Lock, Unlock, or Roll Back a Deployed Visual Application

You can lock and unlock deployed visual applications, and the web applications that they contain, or roll back a deployed visual application. You lock and unlock a visual application when you have maintenance tasks to complete and don’t want users to access the web application in the deployed visual application during the maintenance period.

You can manage these visual applications lifecycle operations (lock, unlock, roll back) manually through the Environments page's Deployments tab or you can manage them with Visual Application build steps (see Configure a Job to Lock, Unlock, or Roll Back a Deployed Visual Application).

You can use the Rollback menu option without including the application version in the URL when you've deployed your visual application more than once. That is, live appears in the application URL, rather than the application version. For example, if you've deployed two versions of your visual application to https://host/app-name/live/index.html, you can roll back to version 1 by using the Rollback menu option. You can only roll back one previous version.

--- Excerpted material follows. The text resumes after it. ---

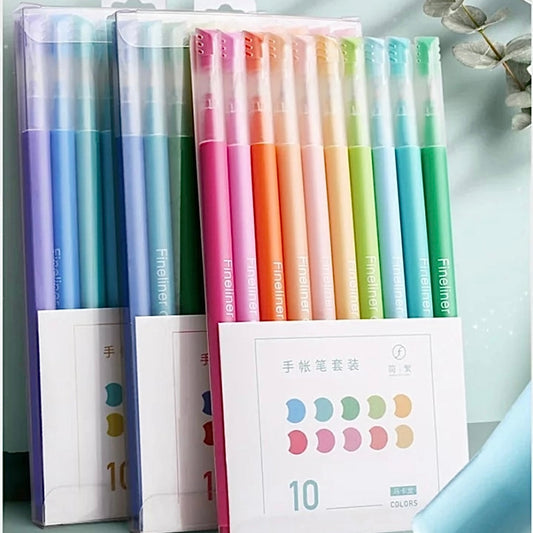 10 candy coloured gel pen set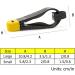 Downrigger Release Clips - 8 Piece Set for Trolling & Sea Fishing | Small & Large Fishing Weight Trigger Clips - Buy Online on GoSupps.com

If you deploy a visual application to a Visual Builder instance in the same identity domain as your VB Studio instance and you don't include the application version in the URL, you can perform this task from your Environments page's Deployments tab.

Visual Applications Deployment Tab in Environments Page

Note:

If you deployed your visual application to a different identity domain or if the application URL includes the version, you need to add and configure steps in a build job to perform lock, unlock, or roll back operations.

After you create and configure the lifecycle management build steps, you may want to add them, in some combination, to the pipeline you created for the packaging and deployment steps for that testing or production instance. By integrating these build steps in your deployment process, you'll ensure a more robust and error-free process when upgrades are done through deployment.